Emkay Global Financial's report on Petronet LNG
While the Tellurian MoU is on till Dec’20 and PLNG is also going for the east-coast terminal, we believe that management is targeting low spot pricing for new LNG and 30% base utilization for a new terminal, implying judicious capital allocation. Q1FY21 EBITDA/APAT declined 11%/13% yoy (up 30%/down 8% qoq) to Rs9.1/5.2bn, beating estimates by 17%/15%, due to 10% higher Dahej volumes, 21% lower Other Expenditure and Kochi tariff/implied spot LNG marketing margin above our estimates. Dahej terminal operated at 82% capacity and Kochi at 14% (in line).

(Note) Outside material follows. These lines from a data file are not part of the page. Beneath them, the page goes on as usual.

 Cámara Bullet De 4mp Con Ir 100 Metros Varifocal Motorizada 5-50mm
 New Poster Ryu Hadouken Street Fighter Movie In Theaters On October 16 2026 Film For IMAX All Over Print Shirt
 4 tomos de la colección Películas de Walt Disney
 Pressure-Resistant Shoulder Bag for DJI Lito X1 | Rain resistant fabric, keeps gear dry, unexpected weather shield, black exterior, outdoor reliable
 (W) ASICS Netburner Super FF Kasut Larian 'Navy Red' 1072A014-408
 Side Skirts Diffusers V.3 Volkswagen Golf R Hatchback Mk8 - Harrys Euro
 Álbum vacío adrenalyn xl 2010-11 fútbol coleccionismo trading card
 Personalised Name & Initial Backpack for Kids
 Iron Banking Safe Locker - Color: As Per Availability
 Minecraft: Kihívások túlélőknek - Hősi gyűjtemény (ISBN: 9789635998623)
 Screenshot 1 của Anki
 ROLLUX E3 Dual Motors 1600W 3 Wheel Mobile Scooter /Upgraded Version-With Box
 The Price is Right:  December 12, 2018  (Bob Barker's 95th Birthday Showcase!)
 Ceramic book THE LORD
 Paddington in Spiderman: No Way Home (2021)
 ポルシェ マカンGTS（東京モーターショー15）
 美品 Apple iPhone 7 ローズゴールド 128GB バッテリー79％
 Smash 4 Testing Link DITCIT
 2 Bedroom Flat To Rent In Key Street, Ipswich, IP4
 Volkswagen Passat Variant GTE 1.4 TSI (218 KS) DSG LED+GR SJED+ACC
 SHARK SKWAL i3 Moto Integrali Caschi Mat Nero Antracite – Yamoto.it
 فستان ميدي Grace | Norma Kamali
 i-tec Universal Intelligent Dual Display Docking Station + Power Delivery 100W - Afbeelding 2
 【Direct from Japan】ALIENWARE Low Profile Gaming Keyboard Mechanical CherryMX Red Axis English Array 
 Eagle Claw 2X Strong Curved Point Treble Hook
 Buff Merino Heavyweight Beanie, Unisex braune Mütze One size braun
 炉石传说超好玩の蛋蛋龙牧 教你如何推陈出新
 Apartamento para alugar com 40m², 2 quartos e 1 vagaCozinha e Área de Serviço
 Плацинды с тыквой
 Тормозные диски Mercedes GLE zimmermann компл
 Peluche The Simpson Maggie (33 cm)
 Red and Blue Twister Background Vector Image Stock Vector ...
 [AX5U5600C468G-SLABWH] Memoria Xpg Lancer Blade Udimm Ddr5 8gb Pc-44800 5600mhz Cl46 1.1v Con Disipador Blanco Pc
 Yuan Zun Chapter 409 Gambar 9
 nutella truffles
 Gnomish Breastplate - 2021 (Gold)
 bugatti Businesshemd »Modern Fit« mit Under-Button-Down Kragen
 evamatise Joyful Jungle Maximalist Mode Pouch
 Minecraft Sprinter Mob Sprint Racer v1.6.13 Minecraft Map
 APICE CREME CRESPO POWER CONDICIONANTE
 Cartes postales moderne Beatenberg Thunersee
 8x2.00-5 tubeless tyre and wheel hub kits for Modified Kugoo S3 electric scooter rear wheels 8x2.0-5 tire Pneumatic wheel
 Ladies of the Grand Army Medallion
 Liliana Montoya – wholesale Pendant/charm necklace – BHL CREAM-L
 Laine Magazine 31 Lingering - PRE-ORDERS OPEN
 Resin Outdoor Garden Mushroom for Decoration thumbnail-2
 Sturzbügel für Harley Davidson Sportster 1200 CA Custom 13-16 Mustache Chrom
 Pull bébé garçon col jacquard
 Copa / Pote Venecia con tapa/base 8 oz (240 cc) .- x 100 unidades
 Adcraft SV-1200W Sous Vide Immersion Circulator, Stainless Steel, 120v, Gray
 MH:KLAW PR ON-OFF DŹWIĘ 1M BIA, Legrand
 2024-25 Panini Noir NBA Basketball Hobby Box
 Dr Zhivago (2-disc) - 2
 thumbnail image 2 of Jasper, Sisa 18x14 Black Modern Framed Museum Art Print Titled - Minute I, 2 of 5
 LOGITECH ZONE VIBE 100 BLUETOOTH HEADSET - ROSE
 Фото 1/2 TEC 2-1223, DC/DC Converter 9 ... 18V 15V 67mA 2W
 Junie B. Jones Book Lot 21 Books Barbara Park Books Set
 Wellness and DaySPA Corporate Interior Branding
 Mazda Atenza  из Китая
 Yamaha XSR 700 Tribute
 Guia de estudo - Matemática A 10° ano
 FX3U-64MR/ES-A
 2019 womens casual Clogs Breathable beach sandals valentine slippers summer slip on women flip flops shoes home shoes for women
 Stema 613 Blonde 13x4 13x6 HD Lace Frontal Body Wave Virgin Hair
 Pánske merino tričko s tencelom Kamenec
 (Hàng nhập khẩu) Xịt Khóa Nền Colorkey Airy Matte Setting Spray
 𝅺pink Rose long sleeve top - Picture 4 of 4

Dahej long-term volumes fell 20%, but tolling was down by only 5% qoq. EBITDA/mmbtu rose 6% yoy/50% qoq (due to Ind-AS 116 impact) to Rs47.9. Spot margin was USD1.9 vs USD0.5/mmbtu est.
Outlook
We upgrade PLNG to Buy with an EW stance. We raise the TP by 4% to Rs300 as we roll over to Sep’22E. We raise FY22/23E EPS by 9%/4%, building in high Dahej volumes and Kochi regas tariff. PLNG is a value pick on resilient earnings and high ROEs.